» **TASK DESCRIPTION**
Reproduce word for word every line from the one containing "SKODA Octavia Combi, photo 2 sur 17" to the final line of the data below; omit the pictures.

» **DATA RECORDS**
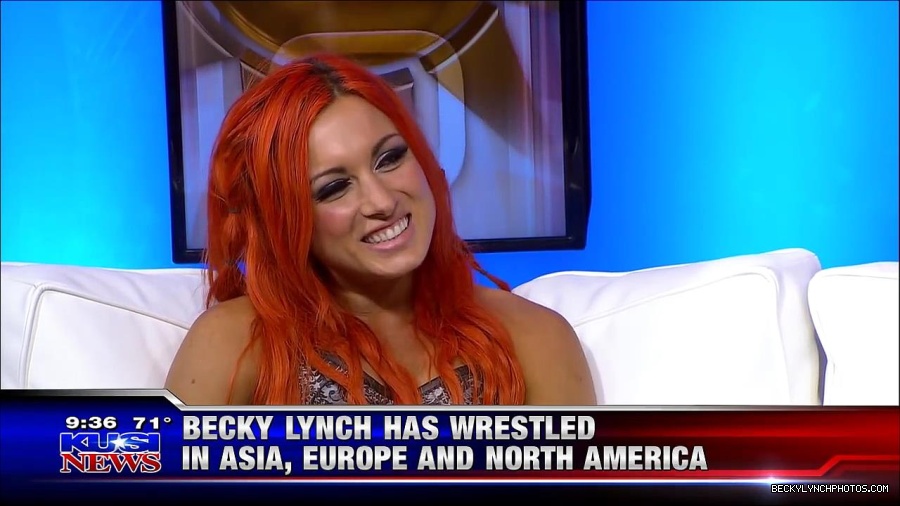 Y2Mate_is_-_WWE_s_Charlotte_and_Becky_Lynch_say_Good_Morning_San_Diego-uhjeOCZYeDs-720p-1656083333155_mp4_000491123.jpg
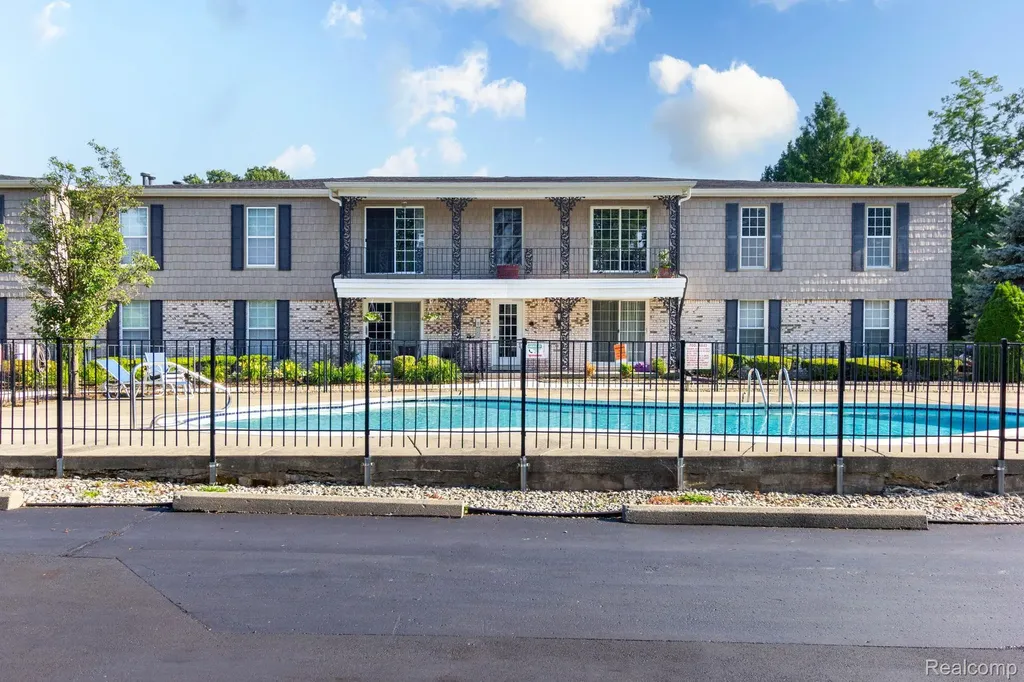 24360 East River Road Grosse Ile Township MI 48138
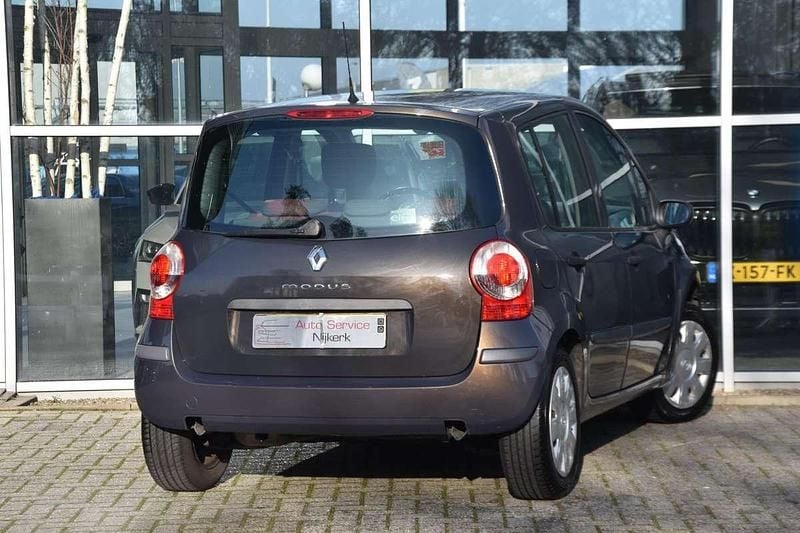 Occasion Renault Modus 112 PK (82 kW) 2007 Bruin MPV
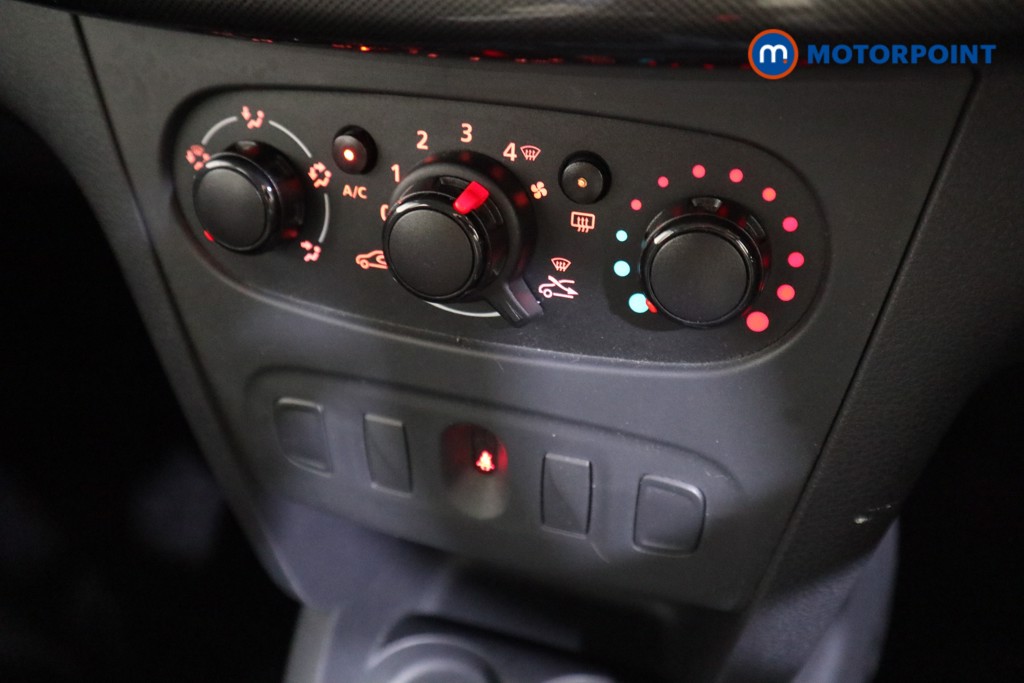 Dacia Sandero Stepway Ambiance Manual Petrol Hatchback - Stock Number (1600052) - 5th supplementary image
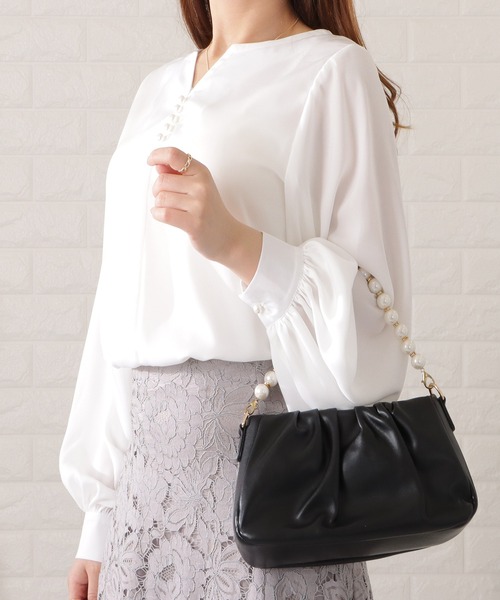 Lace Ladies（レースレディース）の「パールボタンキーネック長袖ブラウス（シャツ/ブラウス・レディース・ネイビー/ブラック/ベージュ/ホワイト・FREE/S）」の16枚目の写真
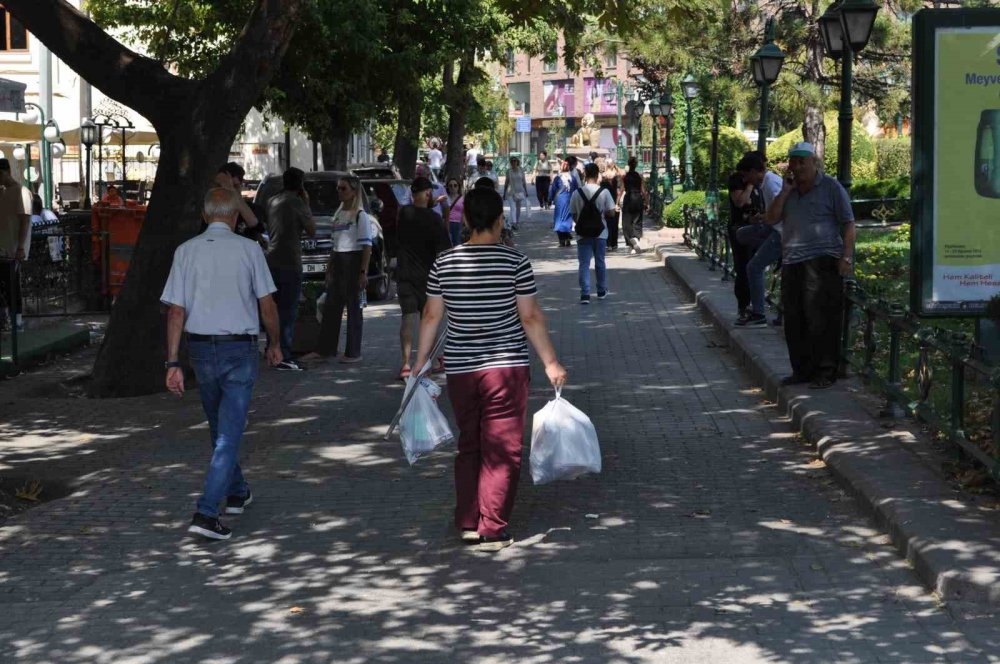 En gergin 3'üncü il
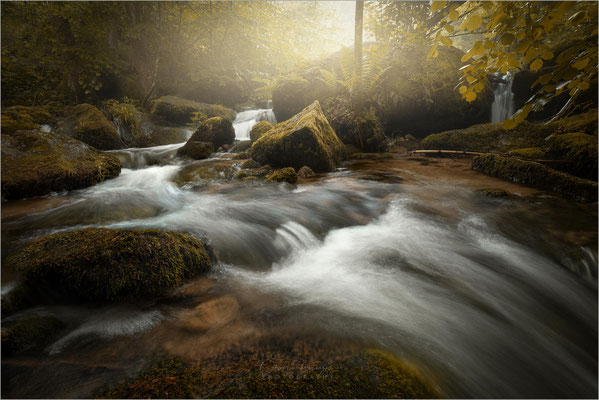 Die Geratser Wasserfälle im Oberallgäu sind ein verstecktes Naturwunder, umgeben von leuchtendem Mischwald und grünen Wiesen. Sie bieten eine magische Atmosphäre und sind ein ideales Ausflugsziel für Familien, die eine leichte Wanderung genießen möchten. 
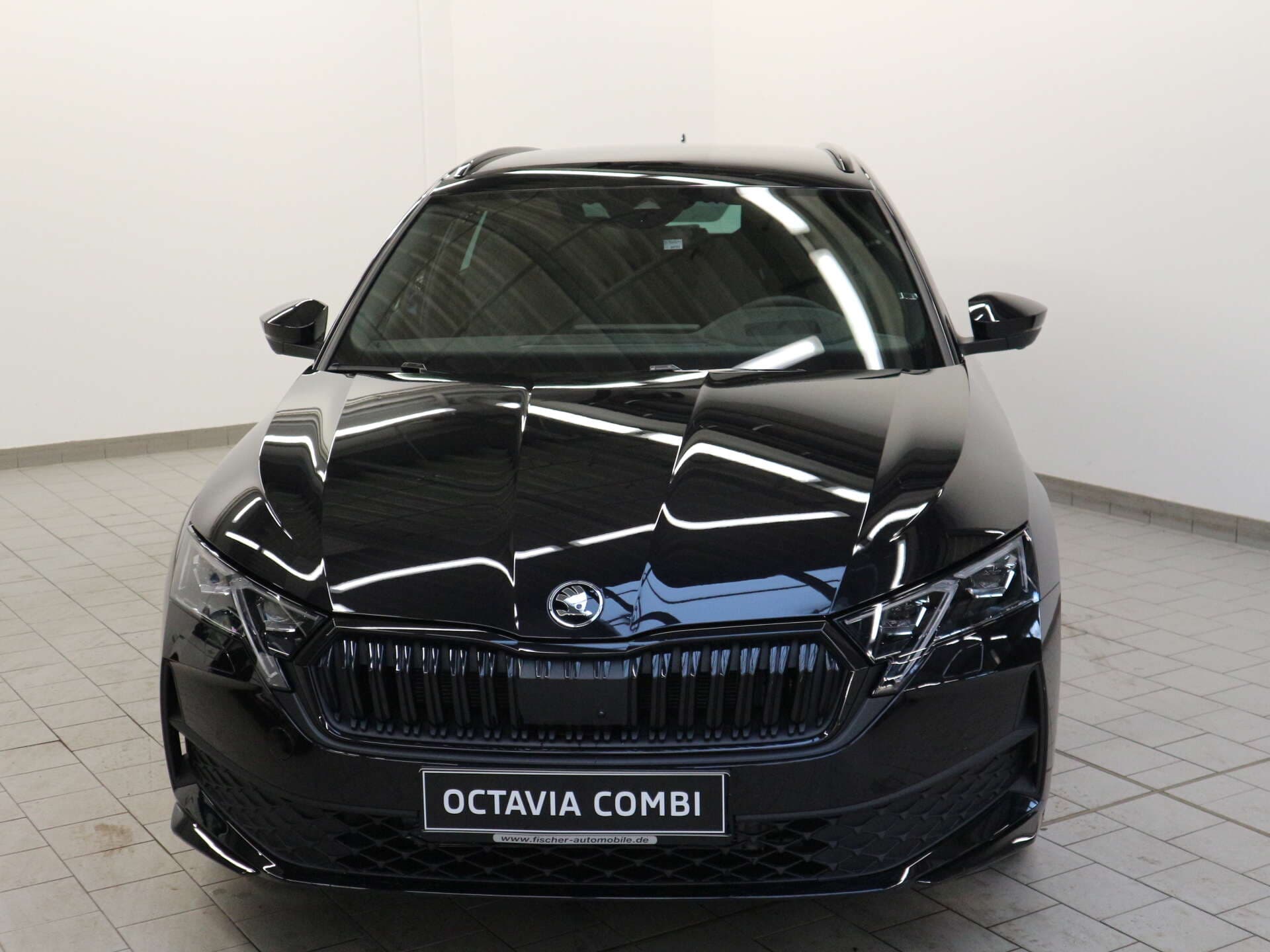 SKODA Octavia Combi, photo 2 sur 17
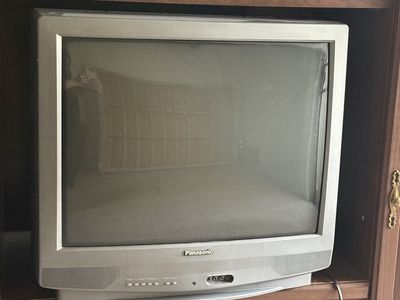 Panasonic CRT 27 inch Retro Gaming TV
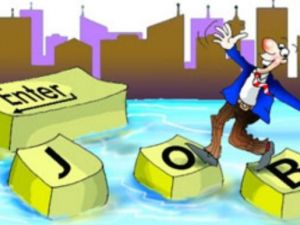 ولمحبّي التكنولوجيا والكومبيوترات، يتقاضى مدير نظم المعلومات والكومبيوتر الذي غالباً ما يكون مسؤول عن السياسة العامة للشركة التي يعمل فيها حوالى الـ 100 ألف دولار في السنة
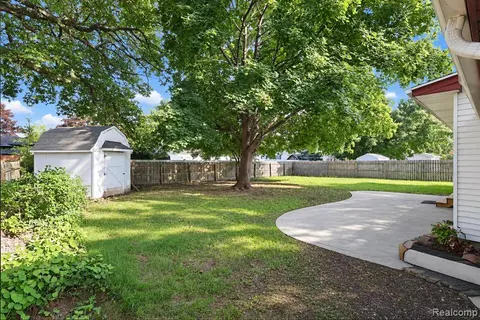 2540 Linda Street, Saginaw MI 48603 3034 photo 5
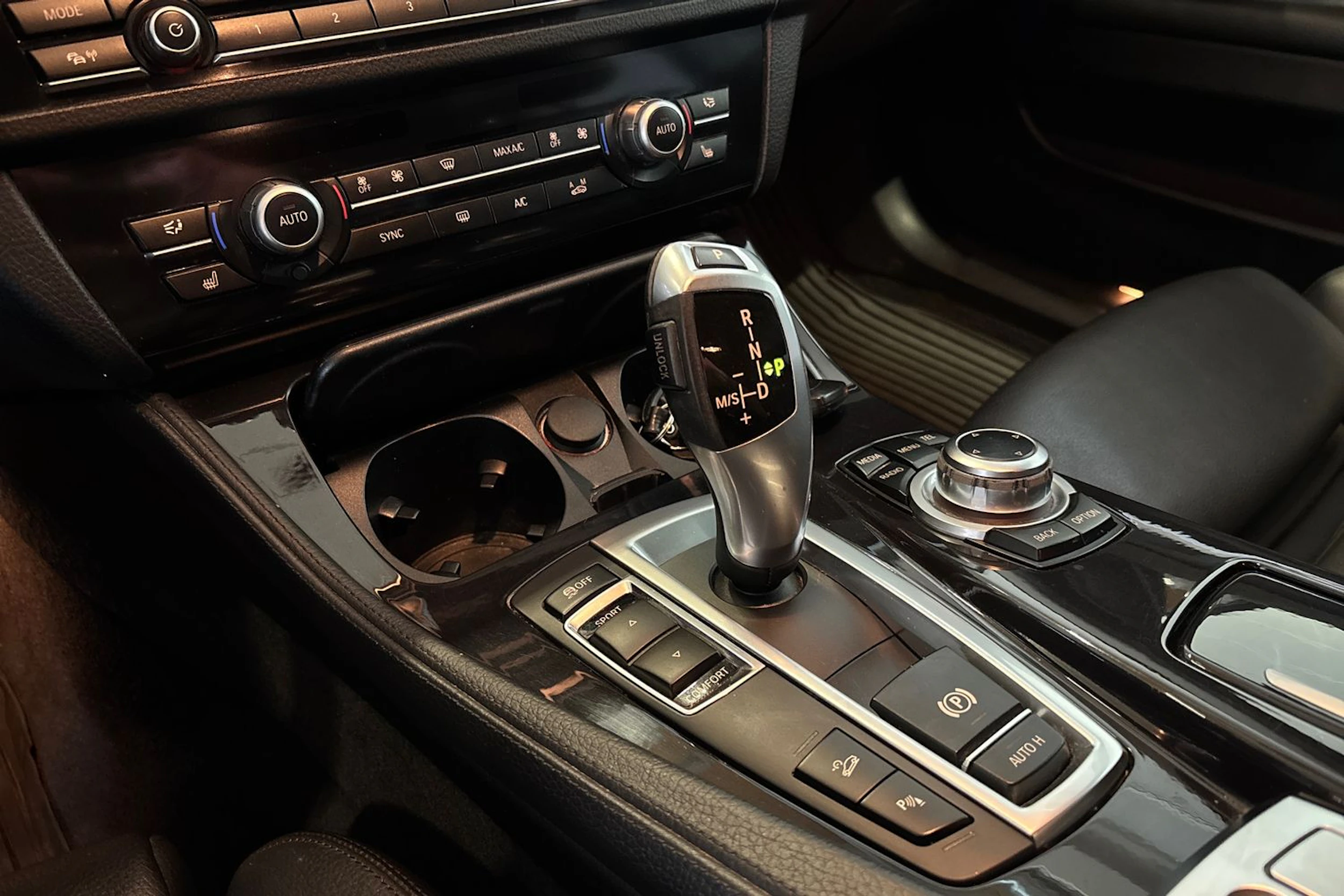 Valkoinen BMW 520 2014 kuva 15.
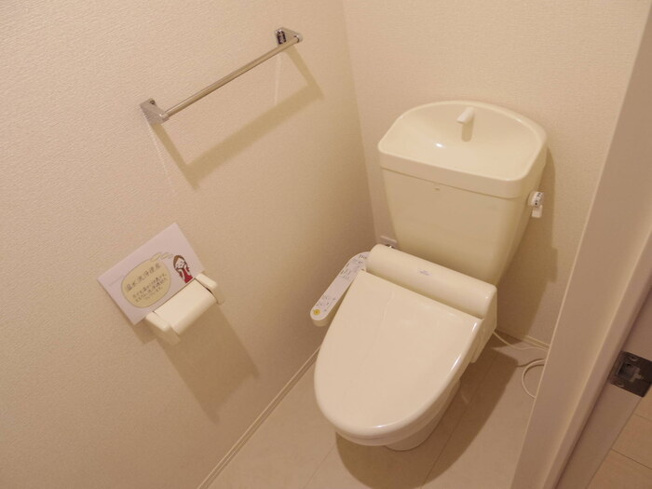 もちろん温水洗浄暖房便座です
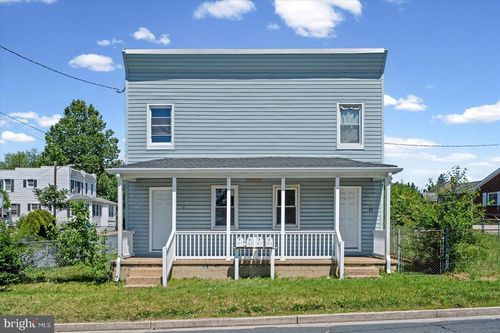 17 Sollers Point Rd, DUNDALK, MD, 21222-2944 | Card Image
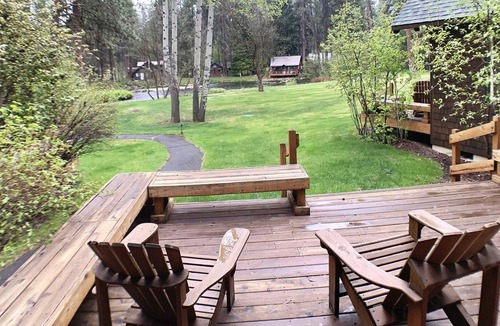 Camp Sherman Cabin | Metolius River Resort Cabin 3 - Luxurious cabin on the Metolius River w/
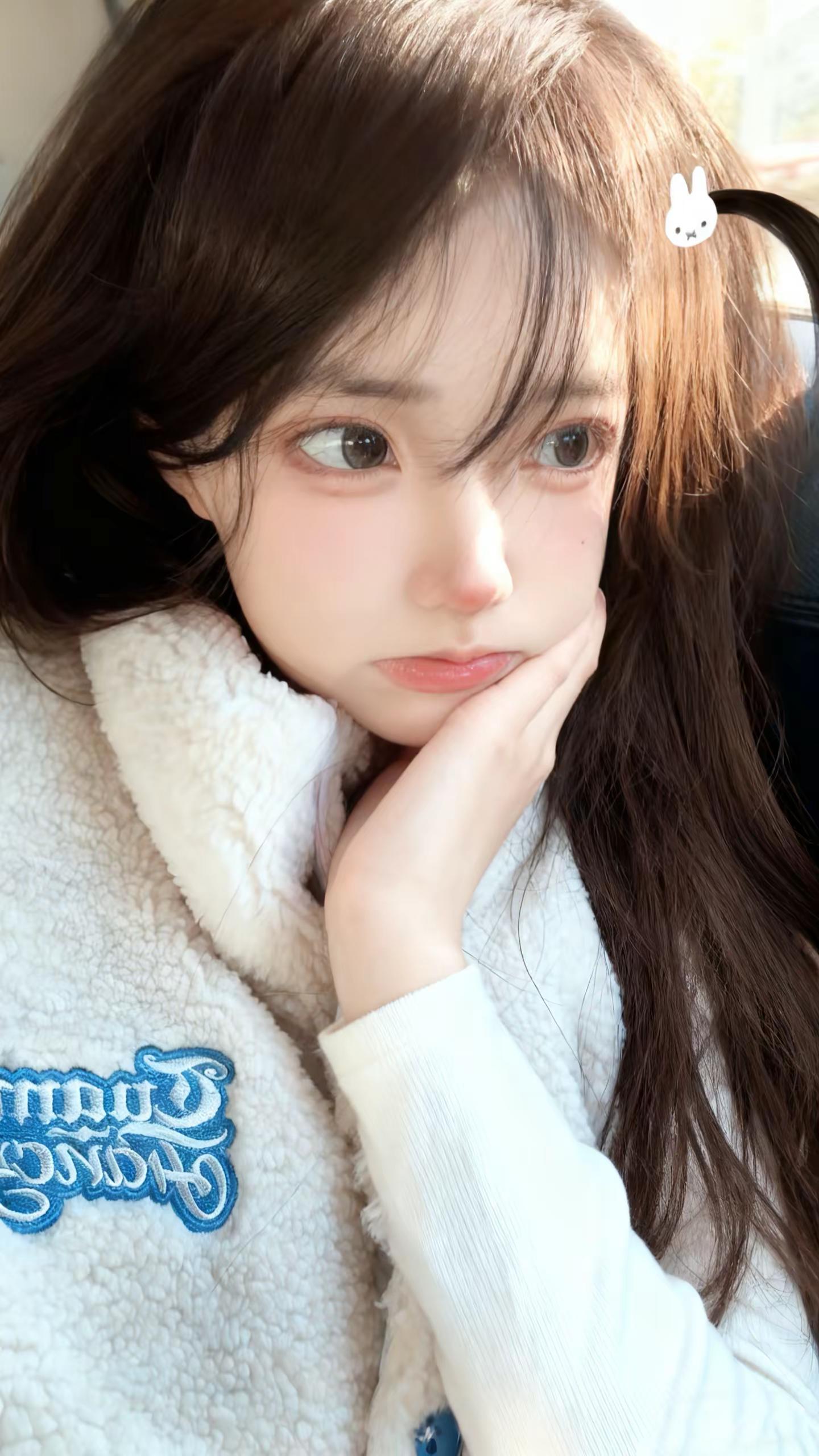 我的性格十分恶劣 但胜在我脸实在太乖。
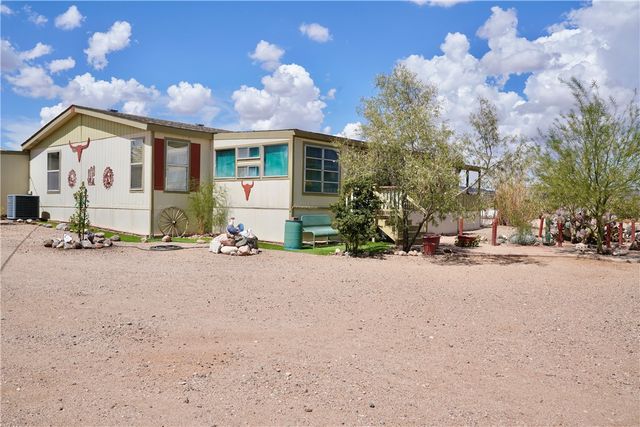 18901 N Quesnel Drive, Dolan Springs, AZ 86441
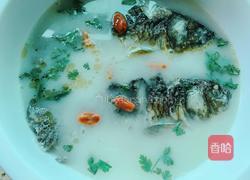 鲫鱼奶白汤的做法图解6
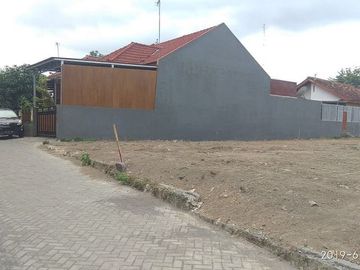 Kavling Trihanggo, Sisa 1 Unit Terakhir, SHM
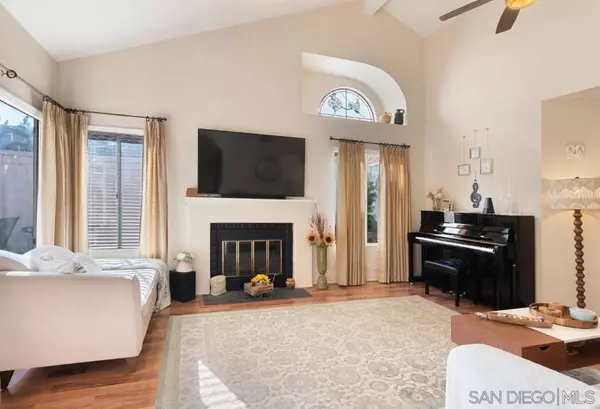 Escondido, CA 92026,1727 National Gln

» **RESULT OF THE EXERCISE**
 SKODA Octavia Combi, photo 2 sur 17
 Panasonic CRT 27 inch Retro Gaming TV
 ولمحبّي التكنولوجيا والكومبيوترات، يتقاضى مدير نظم المعلومات والكومبيوتر الذي غالباً ما يكون مسؤول عن السياسة العامة للشركة التي يعمل فيها حوالى الـ 100 ألف دولار في السنة
 2540 Linda Street, Saginaw MI 48603 3034 photo 5
 Valkoinen BMW 520 2014 kuva 15.
 もちろん温水洗浄暖房便座です
 17 Sollers Point Rd, DUNDALK, MD, 21222-2944 | Card Image
 Camp Sherman Cabin | Metolius River Resort Cabin 3 - Luxurious cabin on the Metolius River w/
 我的性格十分恶劣 但胜在我脸实在太乖。
 18901 N Quesnel Drive, Dolan Springs, AZ 86441
 鲫鱼奶白汤的做法图解6
 Kavling Trihanggo, Sisa 1 Unit Terakhir, SHM
 Escondido, CA 92026,1727 National Gln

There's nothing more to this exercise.